Hee Yeon, who fled Pyongyang in 2015 and now lives in Seoul, told The Mirror about the years she spent living in constant fear of Kim Jong Un since the ruthless dictator took control of North Korea in 2011.
“Despite our privilege we were scared. I saw terrible things in Pyongyang,” Hee Yeon said.
In what heinous example, she recalled standing in a crowd of 10,000 people assembled to watch the execution of 11 musicians who allegedly made a pornographic video. Security guards ordered the viewers to leave their classes and stand in a stadium around the men, who were tied up and gagged.
“What I saw that day made me sick in my stomach. They were lashed to the end of anti-aircraft guns,” she said. “A gun was fired, the noise was deafening, absolutely terrifying. And the guns were fired one after the other.”
She added: “The musicians just disappeared each time the guns were fired into them.

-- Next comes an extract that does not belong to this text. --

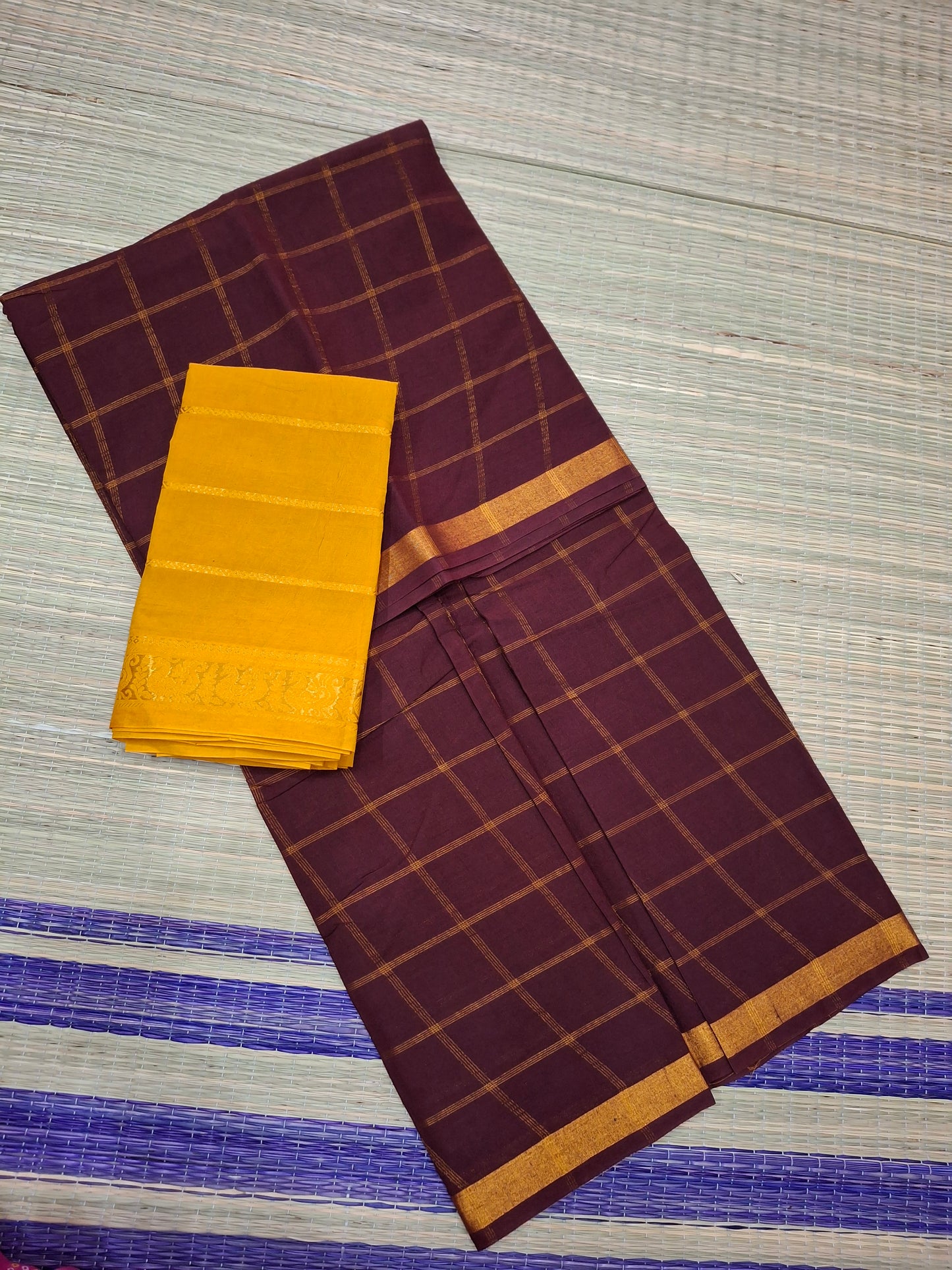 Sungudi 6 Yard Bengal Checks with Tissue Border (Vanaja-001)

Their bodies were blown to bits, totally destroyed, blood and bits flying everywhere…and then, after that, military tanks moved in and they ran over the bits on the ground where the remains lay.”
Hee Yeon remembered seeing the remains “smashed…into the ground until there was nothing left.” She said the gruesome scene haunted her and took away her appetite for three days.
A report, released by The Transnational Justice Working Group in Seoul in July, also stated the regime’s firing squad carried out public executions in school yards, bridges and sports stadiums.
But that was just the tip of the insanity Hee Yeon said she witnessed. She said no one was immune to the young leader’s vicious whims, and anyone could be executed if they were suspected of disloyalty.
“I was brought up [and] told he was like a god – that he was as a young boy an expert sailor, marksman before the age of seven, god-like,” she said. “Then I met him at big events, I found him terrifying, really scary, nothing god-like about him.”
Several previous reports also painted Kim as a hot-tempered man. He reportedly executed his uncle, Jang Song Thaek, when he “flew into a rage” after finding out about an alleged coup plot that was planned with China. Nam Sung Wook, a security expert, recalled the leader “exploded with foul language” when his former girlfriend suggested he stop smoking.
Hee Yeon also said “the prettiest” schoolgirls were taken away to work in one of Kim’s “hundreds of homes around Pyongyang.”
“They learn to serve him food like caviar and extremely rare delicacies. They are also taught how to massage him and they become sex slaves,” she said. “Yes, they have to sleep with him and they cannot make a mistake or object because they could very easily simply disappear.”
And as the rest of North Korea suffered from poverty and food shortages, Kim was reportedly indulging in $2,700 “bird’s nest soup,” caviar and other imported dishes.
“One of my friends went to work at one of his hundreds of homes in Pyongyang and she told me this was what he liked,” Hee Yeon told The Mirror.
Kim came into power when his father died from a heart attack in December 2011. He has been credited with propelling the regime’s missile and nuclear program, appointing rocket scientists to identify flaws in the program that hadn’t been noticed before. Little is known about his secretive family, but he is married to Ri Sol-ju and reportedly has three children, according to South Korea’s Yonhap News Agency.
Kim vowed to complete his nuclear program despite recent U.N. sanctions against North Korea and President Trump’s threats to destroy the dictatorship. Trump addressed the U.N. assembly on Tuesday and mocked Kim as “rocket man,” saying the dictator was “on a suicide mission for himself and his regime.”
North Korea has threatened to strike the U.S. territory of Guam with missiles and conducted its 15th missile test of the year last week. It carried out its sixth nuclear test in early September. But amid the bombastic threats, Hee Yeon said the leader’s actions reflect his fear the regime will eventually be toppled.
“Kim Jong-Un threatens war because he feels cornered and has no escape,” she said.